Remember 2013? It was the year of the man bun, EDM, and people saying, "I know right?" after just about every sentence. MCNs (multi-channel networks) were all the rage and they were selling for big money.
Awesomeness TV started it off when they were acquired by Dreamworks for about $120 million. In early 2014 Maker Studios was sold to Disney for approx. $500 million. Fullscreen was sold to Otter Media for about $200 million and StyleHaul to RTL for approx. $150 million.
Fast forward to last week when Maker Studios, once the premier MCN, announced massive layoffs and cut ties to the majority of their online talent.
So how did we end up here and what does the future hold for MCNs?
Stephanie Horbaczewski, Founder and CEO of StyleHaul, said, "Three years ago there was a great need for companies like StyleHaul because advertisers weren't getting what they paid for. They were just spending money because they needed to be in the influencer space. You'd see a lot of content that was generating hundreds of thousands of views but only getting 12 comments. There was no engagement."
After jumping into the business, the MCNs quickly realized that the traditional ad driven business model didn't work. After splitting the revenue with YouTube and the creator, there wasn't a large amount left over. Plus, if a creator didn't have a massive following, they weren't generating the necessary revenue to keep creating good content.
The MCNs had to come up with a new revenue stream and the smart ones embraced long form content. AwesomnessTV was an early adopter of this and they have produced many successful branded content series, such as Royal Crush. They have sold shows to Netflix and are getting into the movie business, with their first release, Before I Fall, coming to theaters this month
You can't call them MCNs anymore. They do so much more.
Originally MCNs were created as a way to help YouTube content creators with programming, cross-promotion, monetization, and audience development in exchange for a percentage of the ad revenue from the channel.
Stephanie Horbaczewski says, "We were never an MCN. We create large-scale multi-platform marketing programs with a data-driven management system that identifies consumers with the highest affinity for the brand. Our capacity to analyze trends across their influencer base in real-time to identify the ideal influencers and content strategies for increased engagement and ultimately customer conversion is what has allowed us to take our business to the next level in the digital space."
Fullscreen is another example of an MCN that has evolved over the years. They produce live events, own their own production company, and are in the streaming business.
All these new ventures have their own challenges though. It is extremely expensive producing high quality long form content. Plus there is intense competition for top Hollywood producers.
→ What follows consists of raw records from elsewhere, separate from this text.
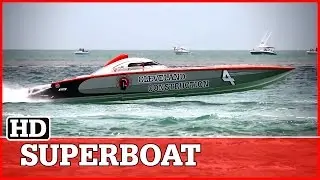 Superboat Racing | Cleveland Construction at Marathon Key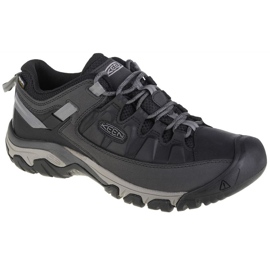 Zapatos Keen Targhee III Wp M 1026329 negro Zapatos Keen Targhee III Wp M 1026329 negro
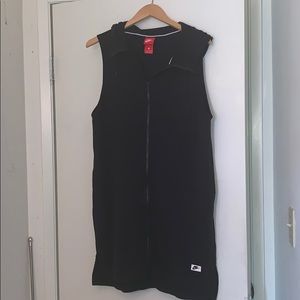 Nike Sleeveless Hoodie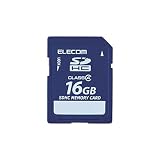 【2014年モデル】エレコム microSD 16GB Class4 データ復旧サービス MF-FSD016GC4R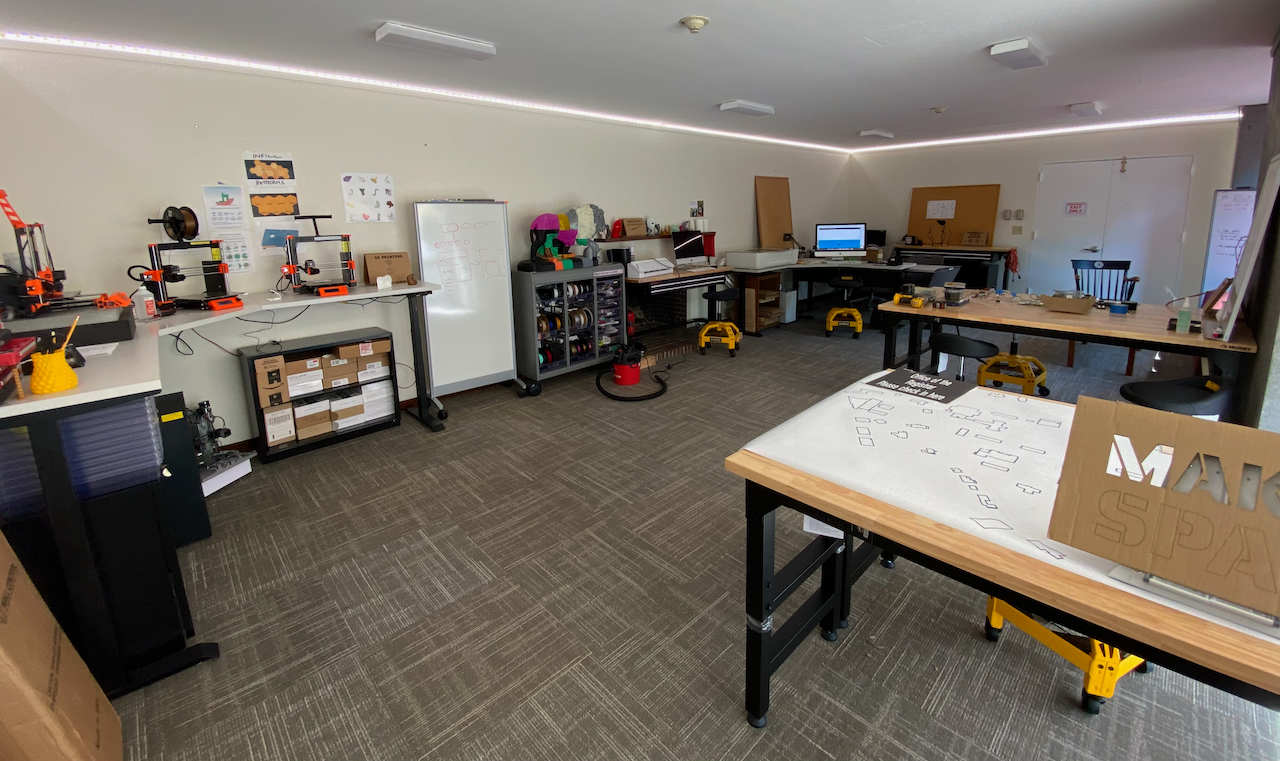 The Maker Space at Bowdoin College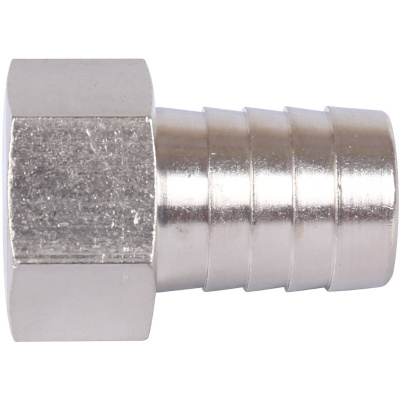 STOUT  Штуцер ВР никелированный 1/2"x18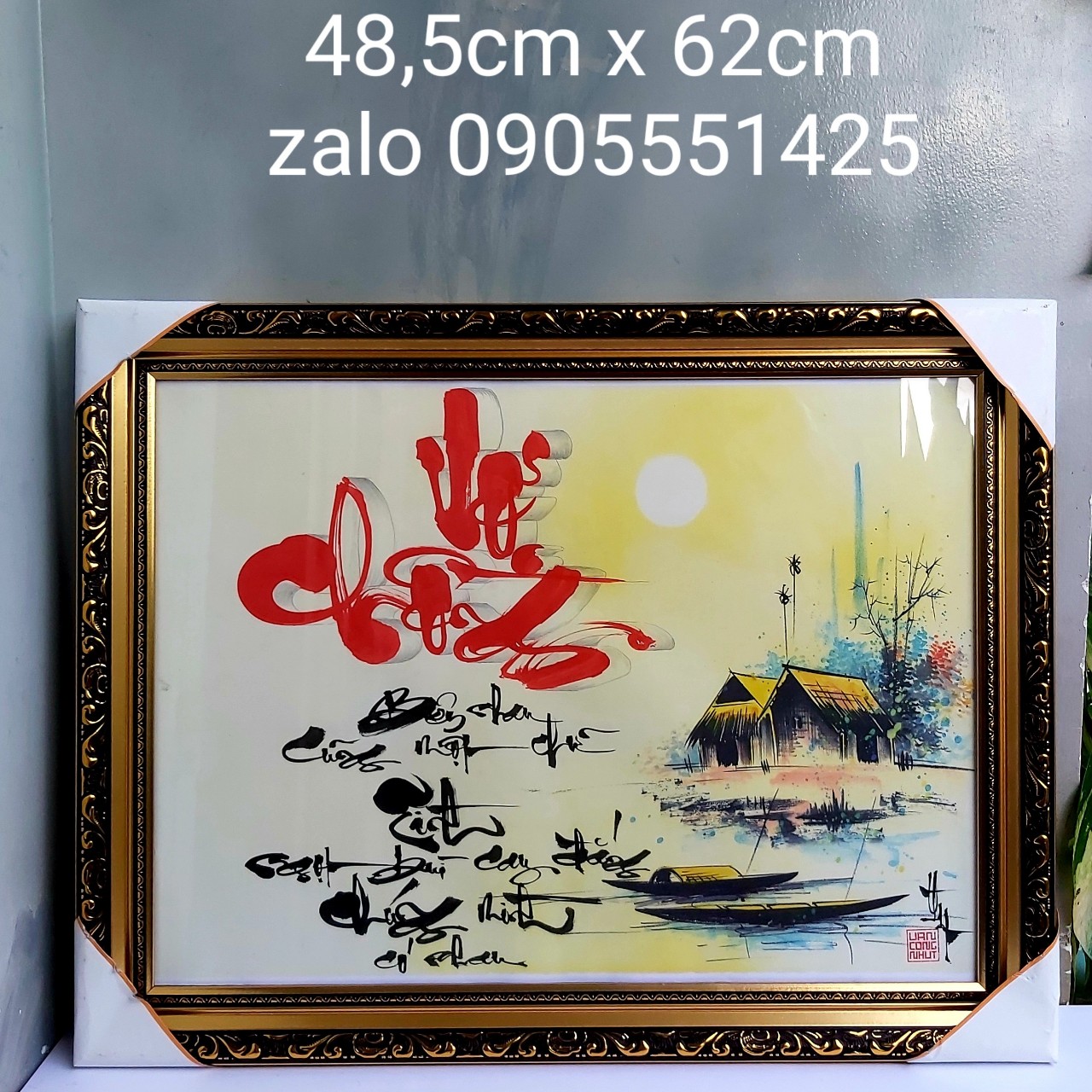 Quà cưới.Quà tặng mừng hạnh phúc.Thư pháp vợ chồng.Quà biếu tết.Quà tặng sinh nhật,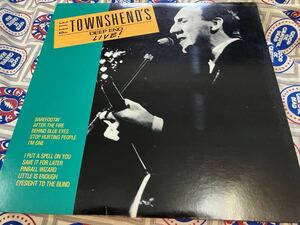 Pete Townshend★中古LP/US盤「ピート・タウンシェンド～Deep End Live！」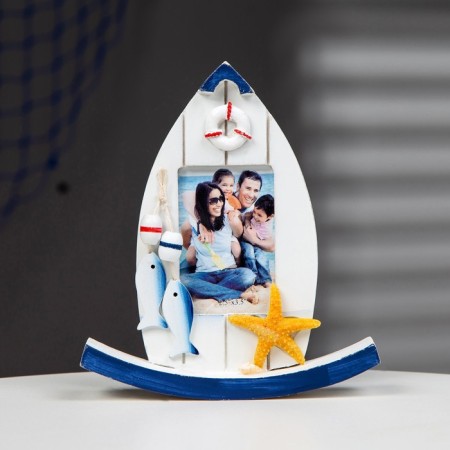Photo frame "boat" 18*15cm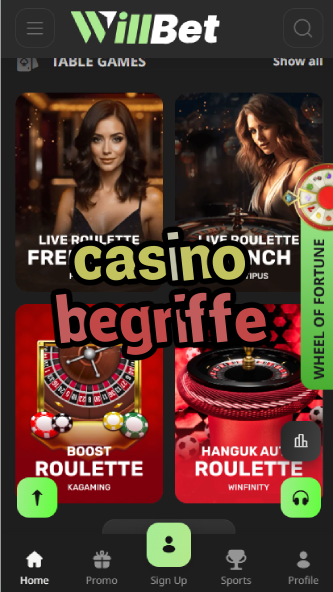 Casino Begriffe - German Casino Terminology-casinoorder.vip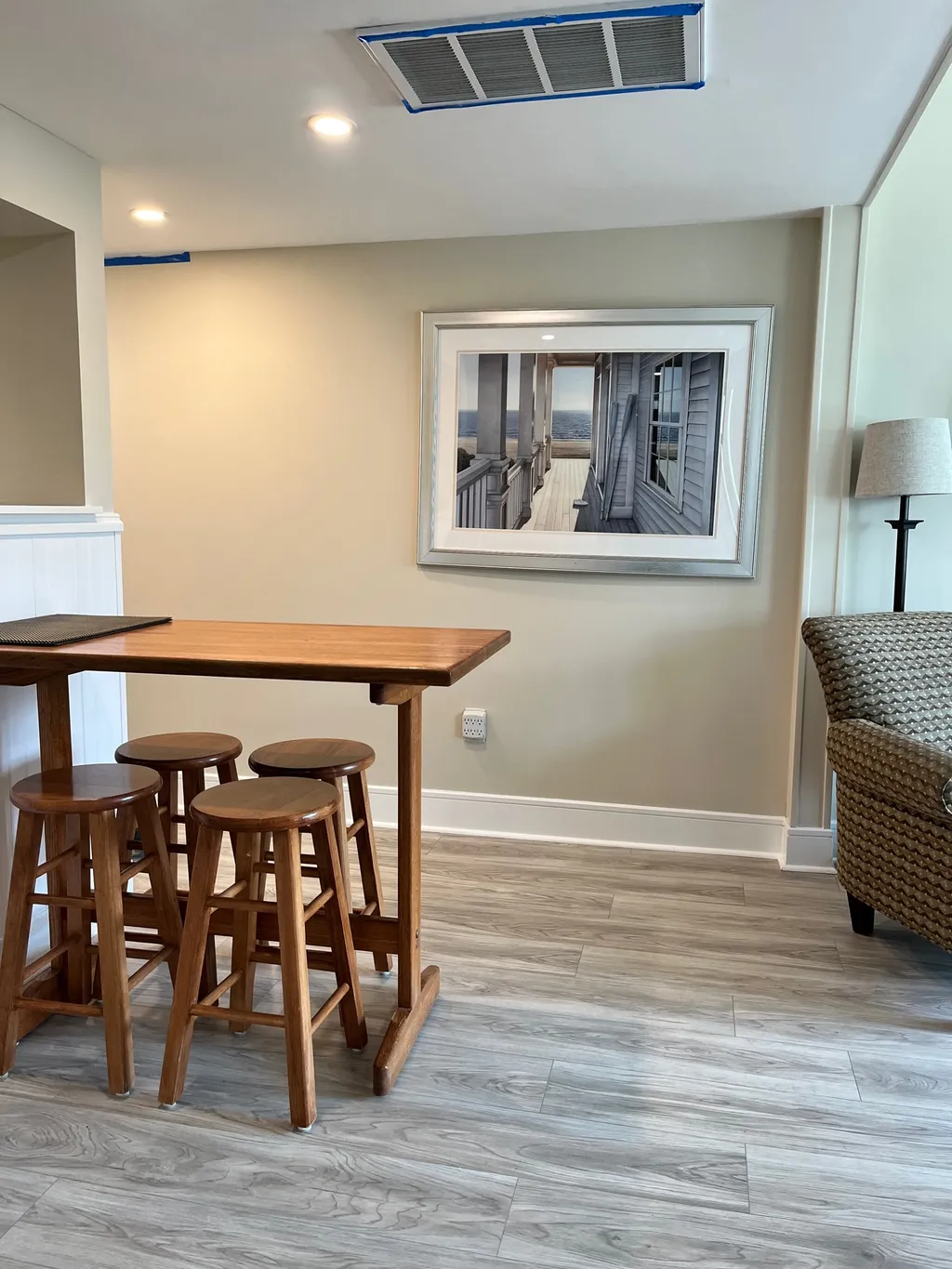 Eating Area from Kitchen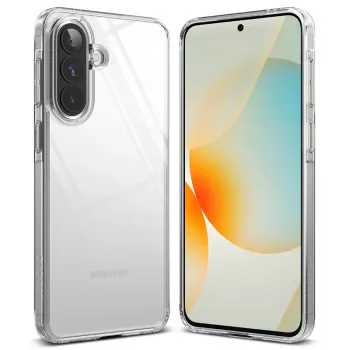 Ringke Fusion pouzdro pro Samsung Galaxy A57 5G, transparentní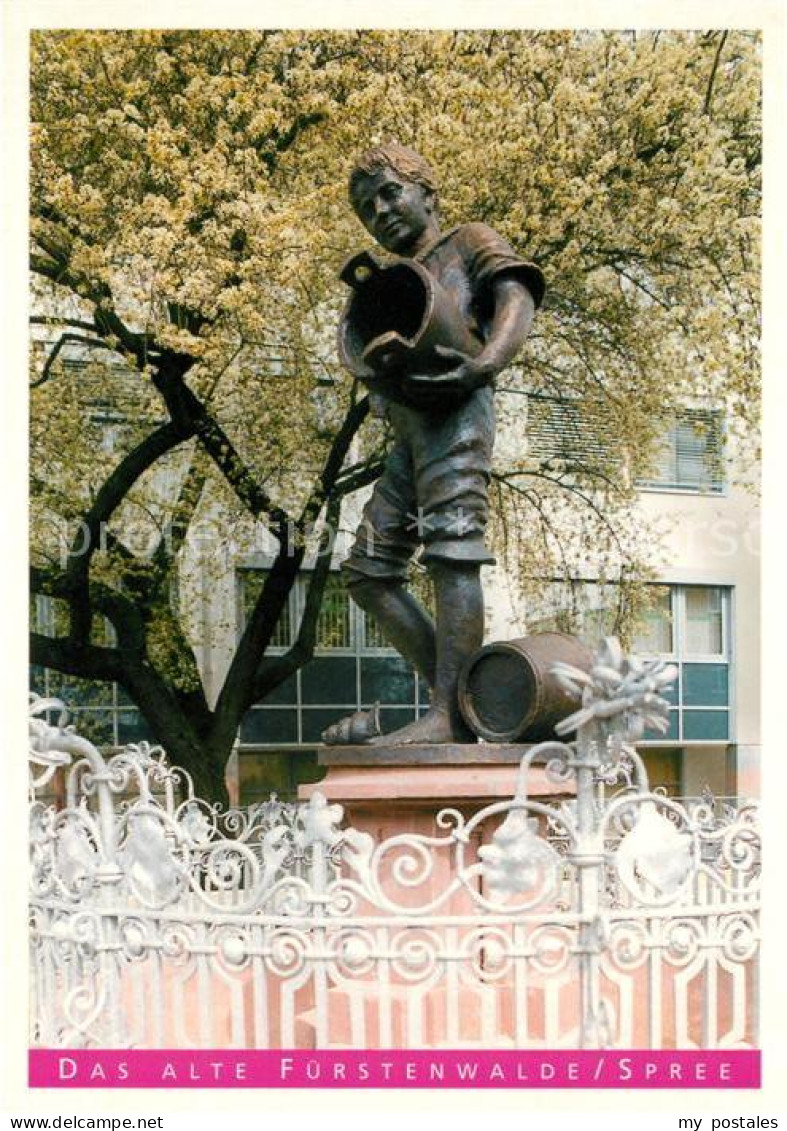 Fuerstenwalde Spree Grasnickbrunnen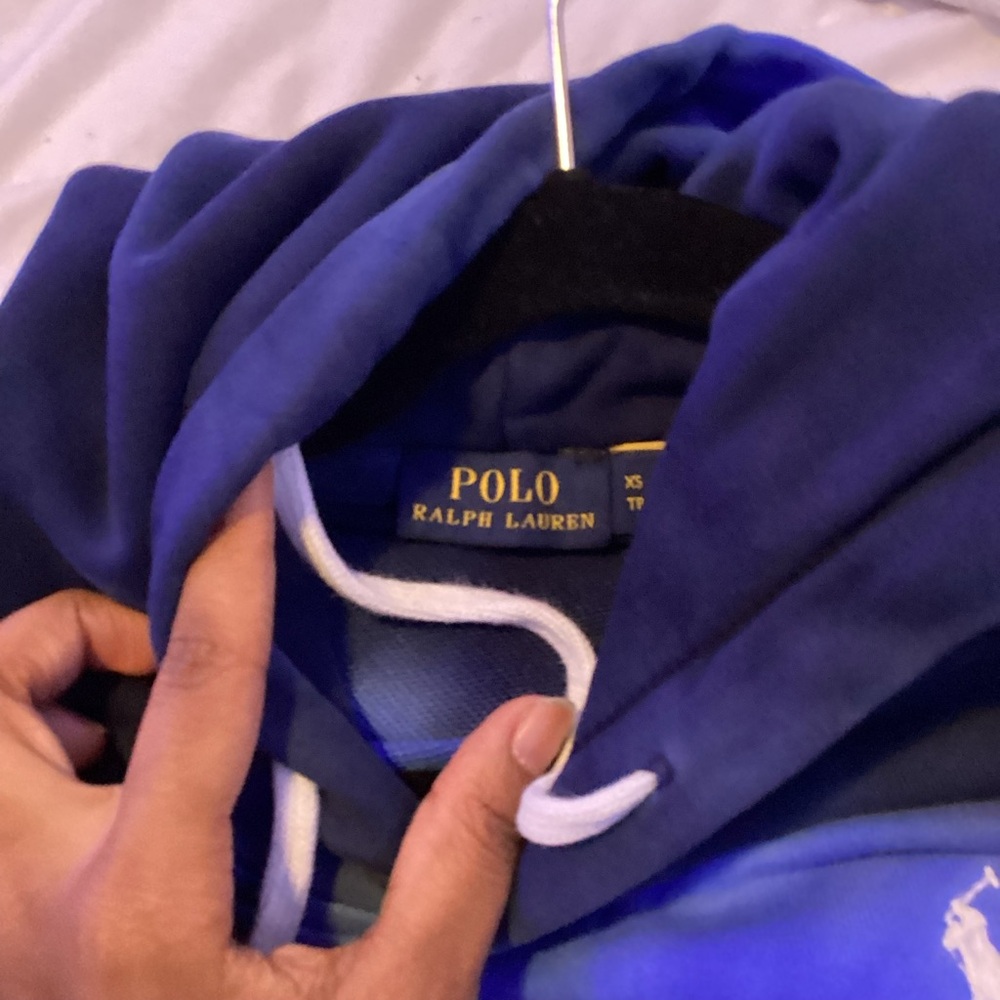 Polo by Ralph Lauren Blue Hoodie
Some talent are starting to question whether they even need MCNs. The old days of big guaranteed money (sometimes hundreds of thousands of dollars) are gone. It's getting harder for them to justify signing with an MCN. The ones that do sign with them do so in order to get brand partnerships and help with creating content.
So what does the future hold for the MCNs?
They are getting back to basics: Working with less creators, instead focusing on the ones that have the biggest followings that align with the brands that they represent. They will continue to evolve and create new ways to add value to both their advertisers and their talent.
As people spend more time on digital every day, they will continue to drive innovation and content.
Call them a multi-platform entertainment company, an influencer marketing platform, or an MPN: Just don't call them an MCN.